Gene therapy for hearing loss is something that we physicians and scientists in the world of hearing loss have been working toward for over 20 years, and it is finally here,” said John A. Germiller, Associate Professor at Perelman School of Medicine at the University of Pennsylvania, in a press release.
The 11-year-old, who was born deaf and was living in a poor community in Morocco until last year when he moved to Spain with his family, was eligible for the study because his hearing loss was caused by OTOF mutations. This accounts for 2% to 8% of cases of congenital deafness, according to a Reuters report.
An eleven-year-old born with otoferlin gene (OTOF)-mediated hearing loss was the first patient to receive this gene therapy in the study. On October 4, 2023, the patient underwent a surgical procedure at CHOP where the gene therapy was placed into the inner ear using a device called an endoscope that allows the ear drum to be partially lifted, allowing an investigational medical device to be transiently inserted into the “round window,” a tiny entry point into the cochlea. A single, small dose of a gene therapy (AK-OTOF) containing copies of the normal OTOF gene was then delivered directly to the inner ear. This delivery method represents the first time a gene therapy has been used as a potential treatment for hereditary hearing loss in the United States.

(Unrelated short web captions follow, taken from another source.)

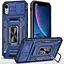 Ударостійкий чохол Camshield Army Ring для Apple iPhone XR (6.1) Синій / Navy - мініатюра 1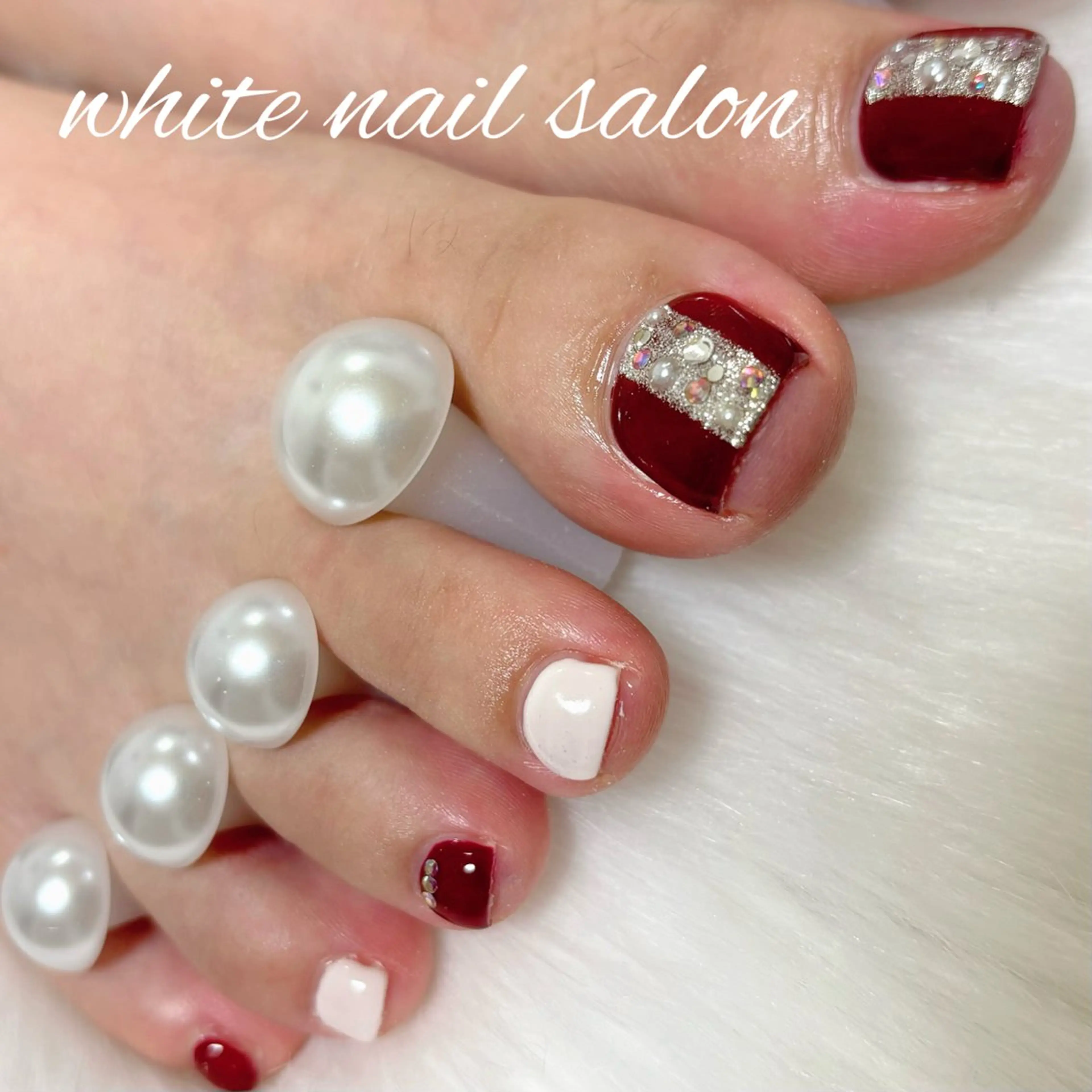 ネイル フットネイル フットネイル white nail salonのネイルデザイン
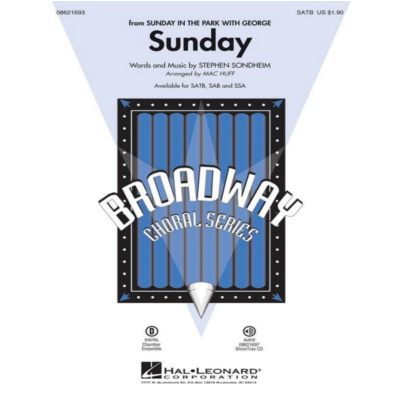 Sunday (from Sunday in the Park with George), Stephen Sondheim Arr. Mac Huff Choral-Choral-Hal Leonard-Engadine Music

The patient was born profoundly deaf in both ears. Now, almost four months since receiving the investigational gene therapy in one ear, the patient’s hearing has improved enough that he now has only mild to moderate hearing loss in the ear that was treated. The patient is literally hearing sound for the first time in his life. He can hear his father’s voice, the sound of a car passing by and even the scissors clipping his hair.
While hearing loss can be caused by a variety of factors, like illness, injury, aging, exposure to loud noises or malformations of the inner ear, it can also be caused by a variety of genetic mutations. To date, more than 150 different genes have been implicated in hearing loss, and about 1 in 500 newborns are affected by some form of genetic hearing loss.
To learn more about this clinical trial, visit the study.
One in 500 newborns is affected by genetic hearing loss globally.
One in every 500 newborns has congenital or prelingual hearing loss with a severity that will affect language development.
In at least 50%, a genetic etiology can eventually be identified. Roughly 25% can be attributed to acquired etiologies like infections, and still a large portion remains of unknown origin. Hereditary hearing impairment (HHI) can be classified in different ways based on the identified locus of the gene defect, inheritance pattern, age of onset, audiological, and clinical phenotype.